While the fate of Texas’ Women’s Health Program — which is 90 percent funded by the federal government — is currently being litigated, Gov. Rick Perry and the state’s Health and Human Services department have announced that Texas will create a new Women’s Health Program, funded entirely by the state, that does not allow providers to “promote” abortion, reported the Dallas Observer in a blog July 11.

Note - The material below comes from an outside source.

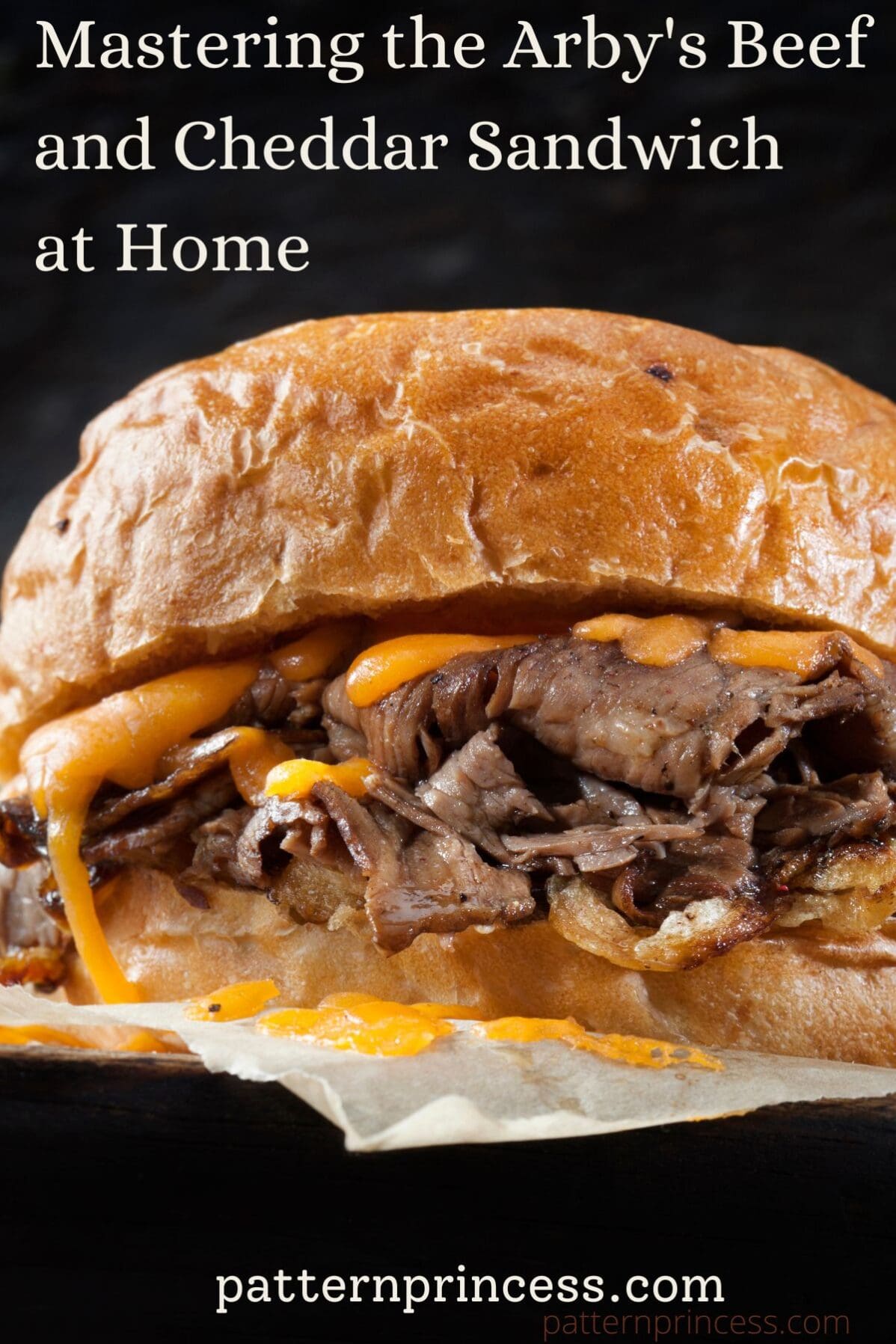 Mastering the Arby's Beef and Cheddar Sandwich at Home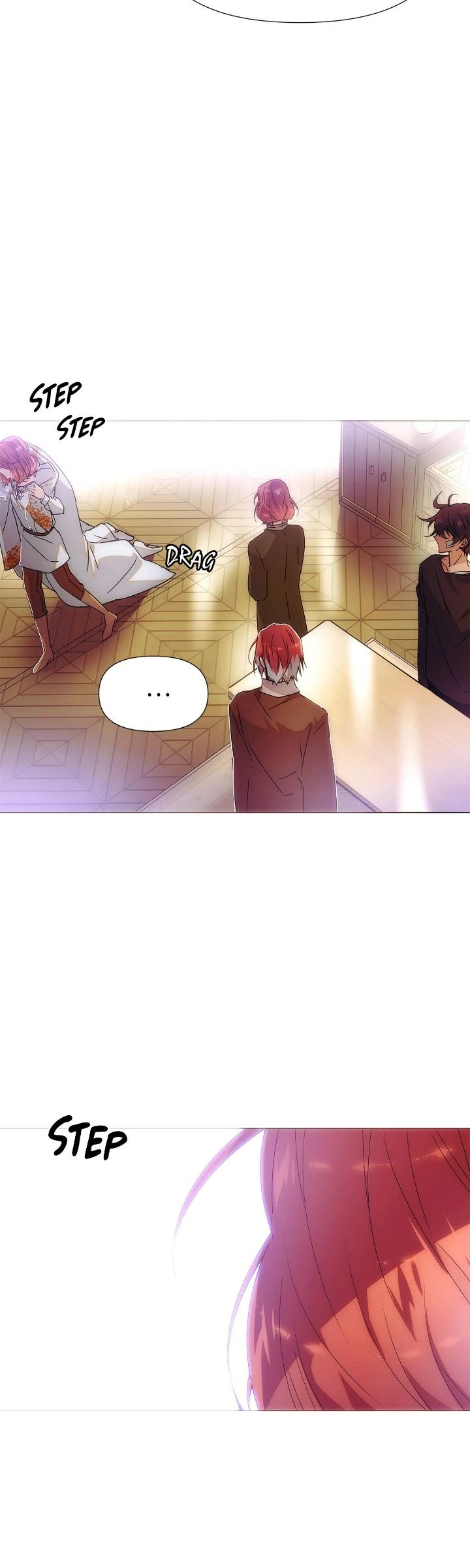 The Villain Discovered My Identity Chapter 161 - Page 23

A woman who attended a stand-up show featuring comedian Daniel Tosh, host of Comedy Central’s show Tosh.0, claims that when she vocally disagreed with him about rape jokes, he responded, “Wouldn’t it be funny if that girl got raped by like, five guys right now? Like right now? What if a bunch of guys just raped her?” Her story quickly went viral. A Change.org petition is calling for Comedy Central to fire him.

Noted:

The majority of U.S. women surveyed have emerged as primary breadwinners, according to Prudential Financial’s latest biennial study, Financial Experience and Behaviors Among Women, which surveyed 1,400 women across the country.

A mid-year report on the state of legislation related to reproductive rights showed that 39 new abortion restrictions have been enacted in 2012 — fewer than the 80 enacted in 2011 but still historically high, according to the Guttmacher Institute.

The National Organization for Women, a major women’s rights group, has officially endorsed President Obama in the 2012 presidential race, reported Politico July 11.

Planned Parenthood Action Fund’s $1.4 million ad campaign spotlighting Mitt Romney’s positions on women’s issues is making an impression on female voters in key states, according to post-run ad testing commissioned by the group, reported the Huffington Post July 9.

The family of a woman forced to undergo an abortion because she ran afoul of China’s one-child policy has accepted a cash settlement of about $11,200, apparently ending a controversy that caused a public uproar and embarrassed the government, the Associated Press reported July 11.